# I like the mini, but doesn't work with Media Share (pytivo)



## bradleys (Oct 31, 2007)

I like the mini, but it doesn't work with my Media Share (pytivo) - this is something I am hoping TiVo will eventually fix.

I installed the Mini yesterday and immediately noticed that I cannot access my video library with it.
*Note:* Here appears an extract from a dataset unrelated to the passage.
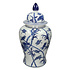 Pot met Deksel Chinees Porselein Blauw Wit H61cm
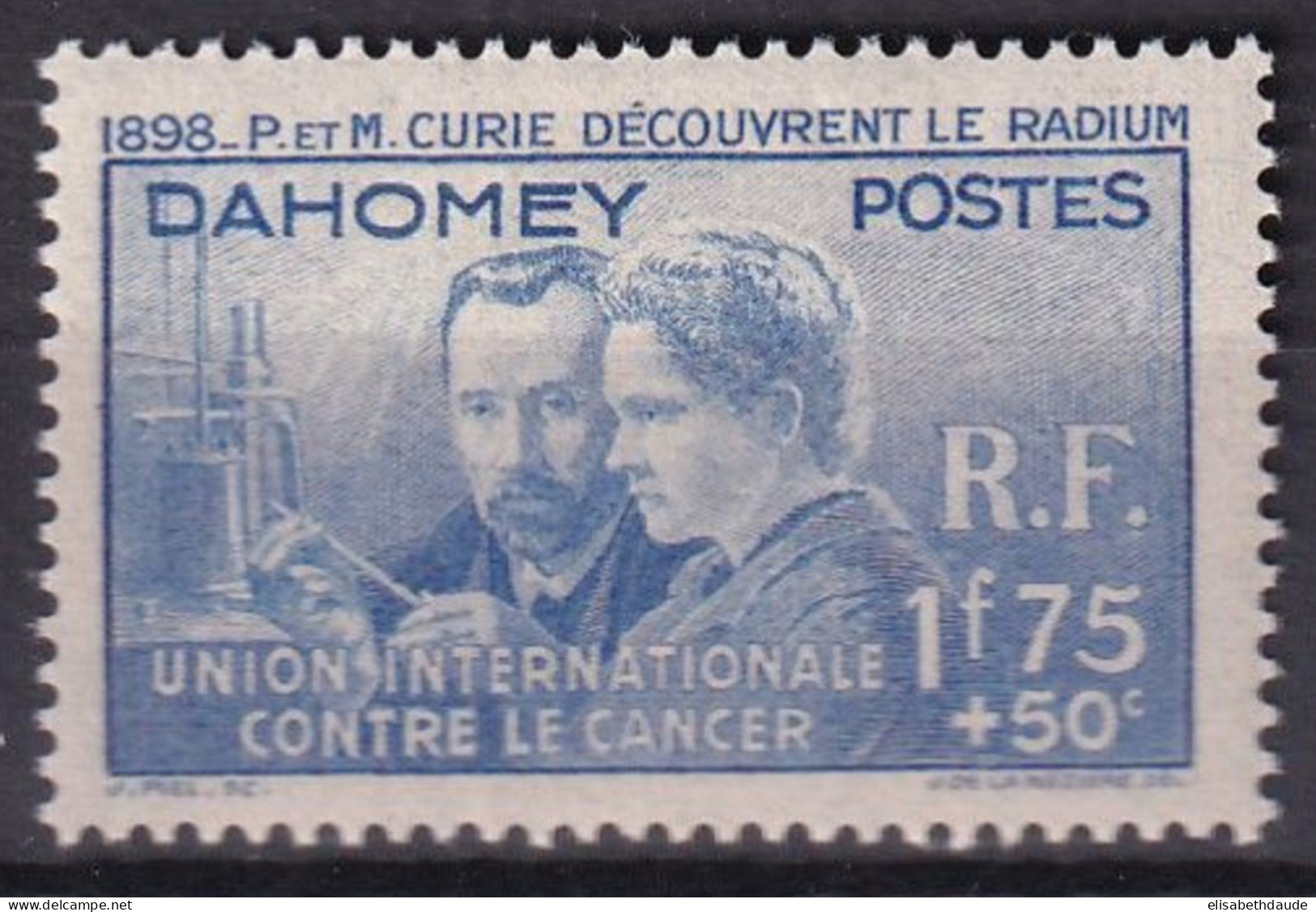 1938 - CURIE - DAHOMEY - YT N°109 * MLH  - COTE = 15 EUR - Ongebruikt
That didn't necessarily surprise me, neither pyTiVo nor TiVo desktop support MRS and the Mini doesn't have local space for a transfer. But it is still a little disappointing. I am hoping that TiVo will provide some future solution.

Maybe...

- Automatically Initiate an MRV transfer onto the host device, or
- allow MRS using the TiVo desktop solution, or
- create a new local streaming app using the Opera HTML5 App Store.


----------



## moyekj (Jan 24, 2006)

See Streambaby and Mini thread for some workarounds which allow you to initiate transfers to other TiVos in the house from which you can then stream to the Mini.


----------



## bunjicat (Jan 14, 2012)

What I do is push (or pull) the video to the Tivo DVR first. Once the transfer starts you can start the stream from the mini. You don't even have to wait for the transfer to complete before starting the video on the mini.


----------



## bigguy126 (Sep 4, 2007)

Another suggestion, Setup Vidmgr (basically a pytivo front end) and it DOES run from the mini. With it you can initiate the push(via pytivo) to the roamio and then watch on the mini.


----------



## pillpusher84 (Jan 19, 2008)

Thats unfortunate .... we need to figure out how to add a hard drive to these minis to really make them fully functional for streaming videos


----------



## jntc (Dec 5, 2013)

bigguy126 said:


> Another suggestion, Setup Vidmgr (basically a pytivo front end) and it DOES run from the mini. With it you can initiate the push(via pytivo) to the roamio and then watch on the mini.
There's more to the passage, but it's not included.